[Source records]
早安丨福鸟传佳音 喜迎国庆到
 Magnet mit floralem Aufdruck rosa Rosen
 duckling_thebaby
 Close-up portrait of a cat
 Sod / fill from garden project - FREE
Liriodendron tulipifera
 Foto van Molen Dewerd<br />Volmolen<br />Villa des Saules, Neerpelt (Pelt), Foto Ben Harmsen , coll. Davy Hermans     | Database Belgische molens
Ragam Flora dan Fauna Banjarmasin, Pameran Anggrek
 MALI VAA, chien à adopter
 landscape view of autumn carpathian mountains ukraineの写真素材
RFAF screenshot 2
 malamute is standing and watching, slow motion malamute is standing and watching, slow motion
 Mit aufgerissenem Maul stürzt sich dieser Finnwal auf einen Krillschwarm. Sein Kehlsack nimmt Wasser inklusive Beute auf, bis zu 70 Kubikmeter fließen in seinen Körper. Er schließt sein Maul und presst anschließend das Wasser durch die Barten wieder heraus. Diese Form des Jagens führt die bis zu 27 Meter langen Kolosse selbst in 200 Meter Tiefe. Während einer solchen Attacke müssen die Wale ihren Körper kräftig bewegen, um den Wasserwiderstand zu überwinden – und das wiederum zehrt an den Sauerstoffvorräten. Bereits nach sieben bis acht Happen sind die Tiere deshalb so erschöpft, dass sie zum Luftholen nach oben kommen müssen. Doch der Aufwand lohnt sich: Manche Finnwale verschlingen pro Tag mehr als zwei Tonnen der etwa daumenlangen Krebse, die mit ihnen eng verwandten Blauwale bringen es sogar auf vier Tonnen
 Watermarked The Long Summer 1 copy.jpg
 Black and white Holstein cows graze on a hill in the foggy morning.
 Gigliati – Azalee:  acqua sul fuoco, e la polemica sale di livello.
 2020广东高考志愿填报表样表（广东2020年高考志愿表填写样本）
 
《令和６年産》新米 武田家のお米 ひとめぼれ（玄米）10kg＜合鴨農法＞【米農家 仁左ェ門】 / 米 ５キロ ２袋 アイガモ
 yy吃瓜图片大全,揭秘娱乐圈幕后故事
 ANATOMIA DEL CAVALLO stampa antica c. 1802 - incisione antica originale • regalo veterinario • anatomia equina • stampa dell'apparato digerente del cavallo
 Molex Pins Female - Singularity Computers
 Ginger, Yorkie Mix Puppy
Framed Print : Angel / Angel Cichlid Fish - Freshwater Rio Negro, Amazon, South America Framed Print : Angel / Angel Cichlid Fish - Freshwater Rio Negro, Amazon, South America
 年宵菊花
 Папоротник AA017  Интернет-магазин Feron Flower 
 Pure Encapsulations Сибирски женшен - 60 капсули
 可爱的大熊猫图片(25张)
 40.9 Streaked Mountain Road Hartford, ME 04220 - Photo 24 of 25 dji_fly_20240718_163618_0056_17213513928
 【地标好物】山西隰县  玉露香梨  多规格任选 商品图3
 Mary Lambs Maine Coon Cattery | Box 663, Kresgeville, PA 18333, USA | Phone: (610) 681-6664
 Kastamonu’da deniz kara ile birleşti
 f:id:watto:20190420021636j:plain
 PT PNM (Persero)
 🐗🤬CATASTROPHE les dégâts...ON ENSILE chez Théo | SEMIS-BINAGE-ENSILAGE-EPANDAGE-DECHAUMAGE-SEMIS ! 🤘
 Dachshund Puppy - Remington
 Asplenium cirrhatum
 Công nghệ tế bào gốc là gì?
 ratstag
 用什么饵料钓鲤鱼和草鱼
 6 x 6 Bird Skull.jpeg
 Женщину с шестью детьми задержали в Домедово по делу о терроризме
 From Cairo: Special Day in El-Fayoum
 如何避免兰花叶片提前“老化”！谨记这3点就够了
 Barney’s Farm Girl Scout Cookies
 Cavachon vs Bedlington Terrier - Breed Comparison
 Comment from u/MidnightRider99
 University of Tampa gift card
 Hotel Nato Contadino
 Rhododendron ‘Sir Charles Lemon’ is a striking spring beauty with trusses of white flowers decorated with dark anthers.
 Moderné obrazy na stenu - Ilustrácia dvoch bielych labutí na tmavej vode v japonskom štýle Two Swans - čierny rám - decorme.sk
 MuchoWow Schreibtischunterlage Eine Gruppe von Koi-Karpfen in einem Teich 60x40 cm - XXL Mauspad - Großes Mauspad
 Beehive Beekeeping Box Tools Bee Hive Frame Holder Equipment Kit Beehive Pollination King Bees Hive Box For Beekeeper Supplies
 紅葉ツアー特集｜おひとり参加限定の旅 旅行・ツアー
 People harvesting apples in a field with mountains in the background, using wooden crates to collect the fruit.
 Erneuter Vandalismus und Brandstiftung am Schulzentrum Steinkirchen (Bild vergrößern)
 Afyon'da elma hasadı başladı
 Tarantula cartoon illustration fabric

PROBLEM STATEMENT
Set the entries above down again, each one exactly as written.

ANSWER SECTION
早安丨福鸟传佳音 喜迎国庆到
 Magnet mit floralem Aufdruck rosa Rosen
 duckling_thebaby
 Close-up portrait of a cat
 Sod / fill from garden project - FREE
Liriodendron tulipifera
 Foto van Molen Dewerd<br />Volmolen<br />Villa des Saules, Neerpelt (Pelt), Foto Ben Harmsen , coll. Davy Hermans     | Database Belgische molens
Ragam Flora dan Fauna Banjarmasin, Pameran Anggrek
 MALI VAA, chien à adopter
 landscape view of autumn carpathian mountains ukraineの写真素材
RFAF screenshot 2
 malamute is standing and watching, slow motion malamute is standing and watching, slow motion
 Mit aufgerissenem Maul stürzt sich dieser Finnwal auf einen Krillschwarm. Sein Kehlsack nimmt Wasser inklusive Beute auf, bis zu 70 Kubikmeter fließen in seinen Körper. Er schließt sein Maul und presst anschließend das Wasser durch die Barten wieder heraus. Diese Form des Jagens führt die bis zu 27 Meter langen Kolosse selbst in 200 Meter Tiefe. Während einer solchen Attacke müssen die Wale ihren Körper kräftig bewegen, um den Wasserwiderstand zu überwinden – und das wiederum zehrt an den Sauerstoffvorräten. Bereits nach sieben bis acht Happen sind die Tiere deshalb so erschöpft, dass sie zum Luftholen nach oben kommen müssen. Doch der Aufwand lohnt sich: Manche Finnwale verschlingen pro Tag mehr als zwei Tonnen der etwa daumenlangen Krebse, die mit ihnen eng verwandten Blauwale bringen es sogar auf vier Tonnen
 Watermarked The Long Summer 1 copy.jpg
 Black and white Holstein cows graze on a hill in the foggy morning.
 Gigliati – Azalee:  acqua sul fuoco, e la polemica sale di livello.
 2020广东高考志愿填报表样表（广东2020年高考志愿表填写样本）
 
《令和６年産》新米 武田家のお米 ひとめぼれ（玄米）10kg＜合鴨農法＞【米農家 仁左ェ門】 / 米 ５キロ ２袋 アイガモ
 yy吃瓜图片大全,揭秘娱乐圈幕后故事
 ANATOMIA DEL CAVALLO stampa antica c. 1802 - incisione antica originale • regalo veterinario • anatomia equina • stampa dell'apparato digerente del cavallo
 Molex Pins Female - Singularity Computers
 Ginger, Yorkie Mix Puppy
Framed Print : Angel / Angel Cichlid Fish - Freshwater Rio Negro, Amazon, South America Framed Print : Angel / Angel Cichlid Fish - Freshwater Rio Negro, Amazon, South America
 年宵菊花
 Папоротник AA017  Интернет-магазин Feron Flower 
 Pure Encapsulations Сибирски женшен - 60 капсули
 可爱的大熊猫图片(25张)
 40.9 Streaked Mountain Road Hartford, ME 04220 - Photo 24 of 25 dji_fly_20240718_163618_0056_17213513928
 【地标好物】山西隰县  玉露香梨  多规格任选 商品图3
 Mary Lambs Maine Coon Cattery | Box 663, Kresgeville, PA 18333, USA | Phone: (610) 681-6664
 Kastamonu’da deniz kara ile birleşti
 f:id:watto:20190420021636j:plain
 PT PNM (Persero)
 🐗🤬CATASTROPHE les dégâts...ON ENSILE chez Théo | SEMIS-BINAGE-ENSILAGE-EPANDAGE-DECHAUMAGE-SEMIS ! 🤘
 Dachshund Puppy - Remington
 Asplenium cirrhatum
 Công nghệ tế bào gốc là gì?
 ratstag
 用什么饵料钓鲤鱼和草鱼
 6 x 6 Bird Skull.jpeg
 Женщину с шестью детьми задержали в Домедово по делу о терроризме
 From Cairo: Special Day in El-Fayoum
 如何避免兰花叶片提前“老化”！谨记这3点就够了
 Barney’s Farm Girl Scout Cookies
 Cavachon vs Bedlington Terrier - Breed Comparison
 Comment from u/MidnightRider99
 University of Tampa gift card
 Hotel Nato Contadino
 Rhododendron ‘Sir Charles Lemon’ is a striking spring beauty with trusses of white flowers decorated with dark anthers.
 Moderné obrazy na stenu - Ilustrácia dvoch bielych labutí na tmavej vode v japonskom štýle Two Swans - čierny rám - decorme.sk
 MuchoWow Schreibtischunterlage Eine Gruppe von Koi-Karpfen in einem Teich 60x40 cm - XXL Mauspad - Großes Mauspad
 Beehive Beekeeping Box Tools Bee Hive Frame Holder Equipment Kit Beehive Pollination King Bees Hive Box For Beekeeper Supplies
 紅葉ツアー特集｜おひとり参加限定の旅 旅行・ツアー
 People harvesting apples in a field with mountains in the background, using wooden crates to collect the fruit.
 Erneuter Vandalismus und Brandstiftung am Schulzentrum Steinkirchen (Bild vergrößern)
 Afyon'da elma hasadı başladı
 Tarantula cartoon illustration fabric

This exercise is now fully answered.